Questions Security And Risk Leaders Are Asking Today
I speak with security and risk leaders every week about GRC for AI. While the situations and solutions differ for each organization, their questions reflect common pain points that all leaders should consider. Here’s what’s top of mind today and what you should also consider:
- “Who owns AI, and who owns AI risk?” AI has landed everywhere in the enterprise, with nobody formally claiming the liability that came with it. The result is a GRC vacuum filled by assumption: Everyone thinks someone else is accountable. But ownership is an operational question, not a philosophical one. Without named roles, explicit decision authorities, and escalation paths, accountability diffuses until an incident forces it into the light. Ungoverned ownership leads to ungoverned risk.
- “How do we enforce policies and guardrails for AI agents?” Writing a policy is straightforward. Enforcing it technically, however, is as varied as your tech stack and entirely dependent upon it. AI agent guardrails, such as Forrester’s AEGIS framework, require continuous, automated enforcement mechanisms, not periodic human review. We’ve mapped all AEGIS guardrails to major regulations and control frameworks to streamline your GRC approach. But don’t forget to close the gap by translating GRC into infrastructure and system-level requirements.

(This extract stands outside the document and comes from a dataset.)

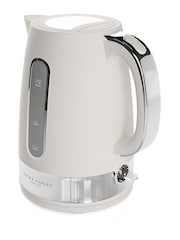 Laura Ashley Cotton White Jug Kettle 1.7L - Image 6 of 7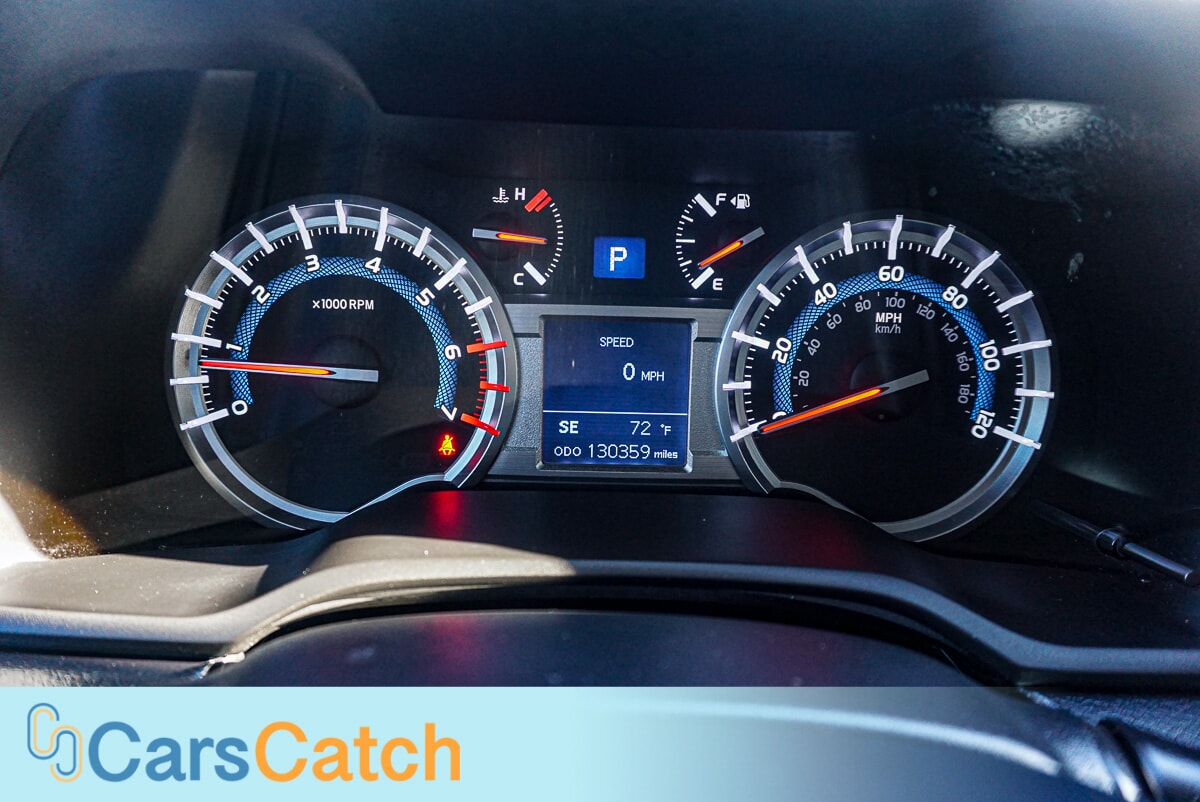 CARSCATCH - Used vehicle - SUV TOYOTA 4RUNNER 2016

- “How do we govern AI we didn’t build ourselves?” Most AI exposure isn’t coming from internal models; it’s arriving embedded in the software that organizations already rely on. Third-party AI is the dark matter of enterprise risk: invisible on most asset inventories yet actively influencing decisions and handling sensitive data. Don’t assume that vendors’ existing risk management processes protect you. Accounting for third-party AI must be core to your vendor risk program for GRC to succeed.
- “How do we ensure AI agent actions are auditable?” As AI moves to act autonomously, the audit trail becomes more complex. Most logging and monitoring infrastructure focuses on human actions and application events, capturing what happened. Agent auditing, on the other hand, must record why it happened, including reasoning, tool usage, and additional context. While this satisfies a compliance requirement today, it’s invaluable for continuous improvement and incident response efforts in tomorrow’s agentic enterprise.
- “How do we prevent shadow AI adoption?” Employees aren’t waiting for IT approval to use AI. They’re already using it. Governance sets the tone from the top to outline acceptable use cases broadly, informed by responsible AI use, security, and regulatory considerations. Monitoring and prevention tools (i.e., DLP, IAM, etc.) provide visibility and protect data. Successful organizations focus on safely enabling rather than banning AI use based on business needs and trade-offs.
- “How do we connect AI governance to our broader risk program?” GRC for AI is frequently stood up as a sole initiative (e.g., implementing ISO 42001, chartering a committee, buying a GRC tool). It stays functionally disconnected from related programs like enterprise risk management, compliance, and security operations. But an AI failure can be a security incident, a compliance issue, an operational, and customer-related event all at once. Mapping the relationship between AI systems to critical processes is key to understanding impact.
Like Hubble’s law, the universe of GRC for AI will keep expanding whether you’re ready or not. The question isn’t whether your organization needs deeper, more technically rigorous GRC (it does). It’s whether you build that infrastructure intentionally, now, or scramble to construct it after the first significant AI-related loss event. The organizations that govern AI seriously today are the ones that will still be in control of their AI environments tomorrow.